Seorang aparatur sipil negara (ASN) Kementerian Sosial (Kemensos) inisial SM menjadi tersangka kasus dugaan korupsi BPNT di Kabupaten Enrekang, Sulawesi Selatan (Sulsel). Kerugian negara dalam kasus ini mencapai Rp 4,8 miliar.
“Untuk saat ini Satreskrim Polres Enrekang telah menetapkan 1 orang tersangka inisial SM. Adapun SM adalah penyelenggara negara atau ASN, yang diberi tugas untuk memonitor dan mengawasi pelaksanaan program,” kata Kasat Reskrim Polres Enrekang Iptu Herman kepada wartawan, Selasa (1/7/2025).
Herman mengungkap tersangka SM menjabat sebagai Koordinator Daerah Program BPNT di bawah Kemensos. Dia mengatur pelaksanaan program BPNT di Enrekang dengan menentukan sendiri jenis hingga harga bantuan.
“Pelaku memanfaatkan kewenangannya untuk mengatur jenis, harga, dan supplier bahan pangan secara sepihak,” paparnya.
Tersangka diketahui menginisiasi penunjukan langsung supplier tanpa prosedur resmi. Tidak hanya itu, tersangka juga mengatur sendiri jenis dan harga bahan pangan, lalu memaketkannya tanpa memperhatikan hak dan kebebasan Keluarga Penerima Manfaat (KPM).
“Hasil penyelidikan mengungkap tersangka bersama pihak supplier melakukan pemaketan bahan pangan bantuan sosial tanpa memperhatikan hak dan kebebasan KPM. Penyaluran bantuan pun hanya dilakukan melalui agen E-Warong yang telah ditentukan, sehingga menutup peluang pembelian di tempat lain,” bebernya.
Awalnya, Kemensos telah menggelontorkan dana bantuan sosial senilai lebih dari Rp 4,2 miliar pada tahun 2019 yang diperuntukkan bagi masyarakat penerima manfaat di Enrekang. Namun, dana tersebut justru dimanfaatkan oleh tersangka untuk membuat inisiasi penunjukan supplier, yang kemudian mengatur sendiri harga dan jenis bahan pangan tanpa prosedur yang sah.
“Pemaketan ini mengakibatkan terjadinya selisih harga dari nilai bantuan yang seharusnya diterima masyarakat. Bahkan, terdapat bahan makanan yang dilarang untuk disalurkan justru masuk dalam komposisi paket, serta ditemukan adanya praktik mark up harga bahan pangan yang jelas-jelas merugikan negara dan masyarakat,” terangnya.
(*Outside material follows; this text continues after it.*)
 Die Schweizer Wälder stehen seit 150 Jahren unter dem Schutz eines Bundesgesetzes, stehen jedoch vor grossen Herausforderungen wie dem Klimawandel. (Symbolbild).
Penyaluran pada tahun 2019, lanjut Herman, dengan pagu anggaran lebih dari Rp 4,2 miliar, melalui suplayer berinisial UD HTK, sementara pada tahun 2020 dengan nilai anggaran mencapai Rp 4,3 miliar, melalui suplayer berinisial CV AAM. Adapun isi bantuan meliputi beras, telur, ayam, ikan kaleng dan bandeng segar, dengan indeks bantuan antara Rp 110.000 hingga Rp 200.000 per KPM.
“Pemaketan bahan pangan, penunjukan langsung supplier, serta pemberian fee kepada pihak-pihak tertentu merupakan bentuk pelanggaran hukum dan tidak sesuai Pedoman Umum penyaluran bantuan sosial,” tambahnya.
Dari hasil perhitungan, negara mengalami kerugian sebesar Rp 4,8 miliar. Dan atas perbuatannya, tersangka dikenakan Pasal 2 ayat (1) subsider Pasal 3 UU No. 31 Tahun 1999 jo. UU No. 20 Tahun 2001 tentang Pemberantasan Tindak Pidana Korupsi, jo. Pasal 55 dan 64 KUHP, dengan ancaman hukuman maksimal 20 tahun penjara dan denda hingga Rp 1 miliar.